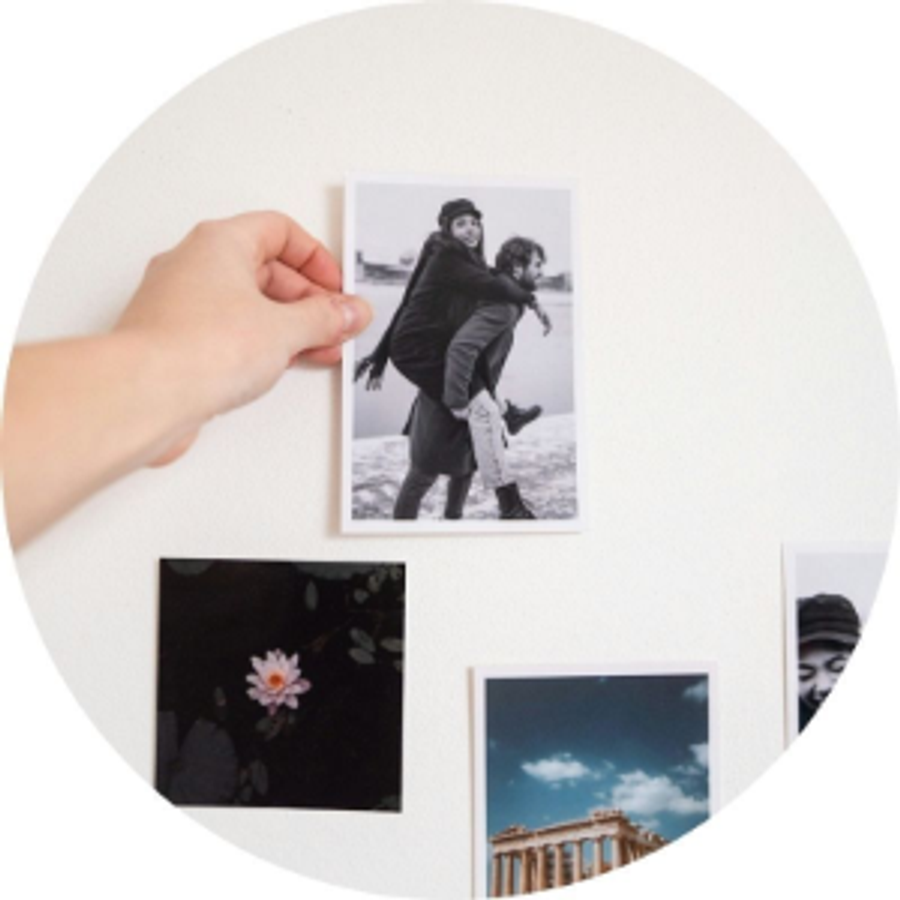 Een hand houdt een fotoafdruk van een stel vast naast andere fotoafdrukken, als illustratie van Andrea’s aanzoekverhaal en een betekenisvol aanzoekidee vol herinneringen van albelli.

---

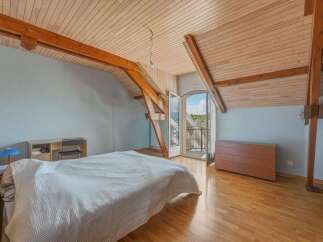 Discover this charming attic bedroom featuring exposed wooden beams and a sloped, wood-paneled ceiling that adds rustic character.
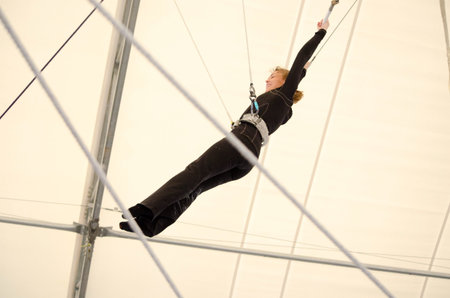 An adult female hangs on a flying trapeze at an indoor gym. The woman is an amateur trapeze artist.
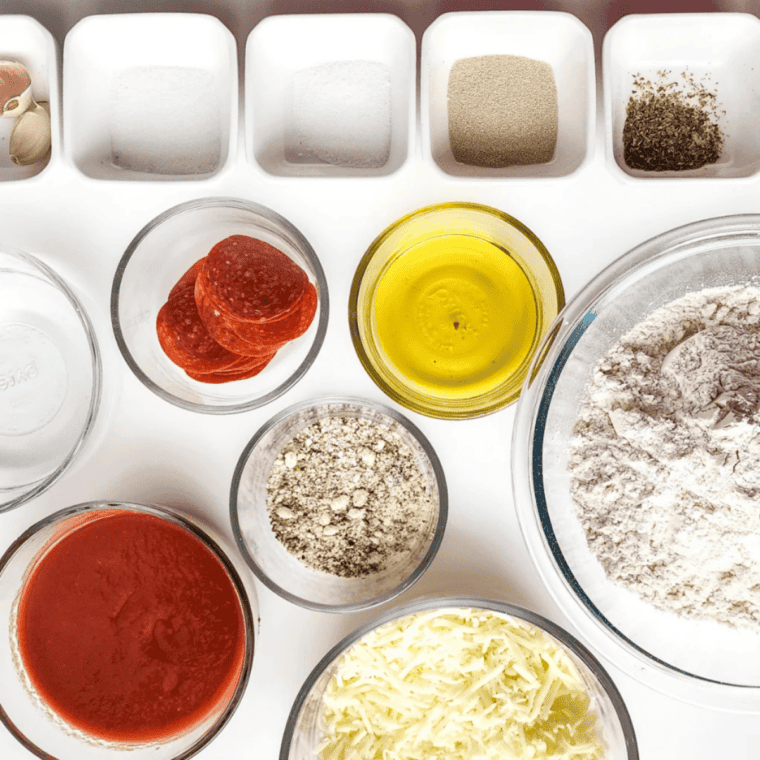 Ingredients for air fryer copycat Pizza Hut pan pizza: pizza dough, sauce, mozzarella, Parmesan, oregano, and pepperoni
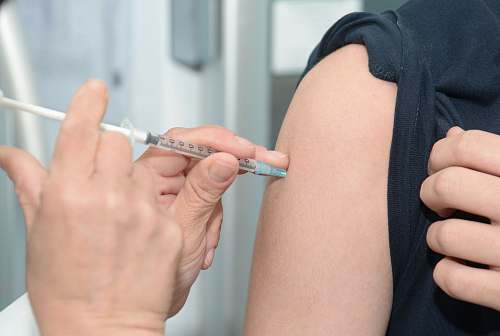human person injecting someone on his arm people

### YOUR OBJECTIVE
In the material above, which lines fall between the one holding "Ingredients for air" and the one holding "human person injecting", inclusive? Print exactly those, with the pictures left out.

### FINISHED TASK
 Ingredients for air fryer copycat Pizza Hut pan pizza: pizza dough, sauce, mozzarella, Parmesan, oregano, and pepperoni
human person injecting someone on his arm people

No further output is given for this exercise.